E sono gratuite anche queste campagne?
Nei limiti sì, o ampiamente scontate: un pagamento simbolico. A meno che non si tratti di campagne di fond raising (raccolta fondi n.d.r.) in cui magari è richiesta una piccola percentuale per il recupero delle spese di produzione e diffusione.
Jean-Guilhem Lamberti, direttore di Publicis Roma, in un’intervista diceva che in Italia la gente spesso privilegia l’aiuto a problemi sociali “vicini” che cioè sono presenti nella propria zona o nel proprio paese. Dal suo punto di vista, le sembra che ora il pubblico sia maturato?
“Le rispondo in maniera indiretta con un altro dato: il numero di volontari disposti ad aiutare il non-profit è in crescita, quindi vuol dire che questo tipo di sensibilità ai problemi sociali sta aumentando. È forse un altro degli effetti della globalizzazione, che avvicina la gente anche a temi sociali, a problemi, come si diceva, “lontani”.
E in questo scenario, in cui a chi è dedito al consumo sfrenato e senza attenzione per le risorse del pianeta si contrappone chi invece sopravvive con uno o due dollari al giorno - e sono più di 3 milioni di persone -, forse la comunicazione sociale, la Pubblicità Progresso, la collaborazione tra profit e non-profit, può rappresentare un possibile passo avanti.”
Pubblicità Progresso fu uno shock anche per la crudezza delle immagini adottate, almeno agli inizi. Lo ha detto in una recente intervista l’attuale presidente di Pubblicità Progresso Alberto Contri: “Oggi invece la nuova pubblicità vuole e deve conquistare un pubblico più raffinato e reattivo, sia nel giudizio critico sia nel senso estetico.”
Un esempio pratico: da una parte la campagna “Razzismo e tolleranza” della stagione 1990-’91, realizzata da Saatchi & Saatchi. Un’immagine forte: un uomo nero crocifisso e parole dure che definiscono il razzista un essere inferiore.

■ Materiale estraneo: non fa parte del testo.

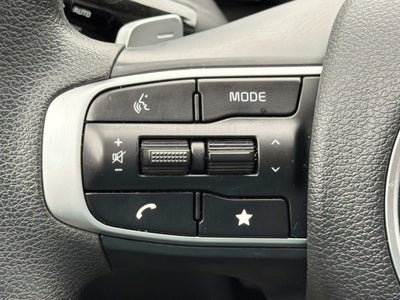 2025 Kia Sportage Hybrid LX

Dall’altra parte la campagna “Aprirle apre la mente” della passata stagione, realizzata da FCB Italia. Questa volta un’immagine più “soft” e retorica: due grandi orecchie tra le quali si leggevano scritte come: “Aprirle apre la mente”, “Le parole riempiono questo spazio di materia grigia” oppure “Più ascolti, più cresci qui in mezzo”. A chiusura di tutti i soggetti, lo stesso slogan faceva da filo conduttore: “Chi ascolta cresce”.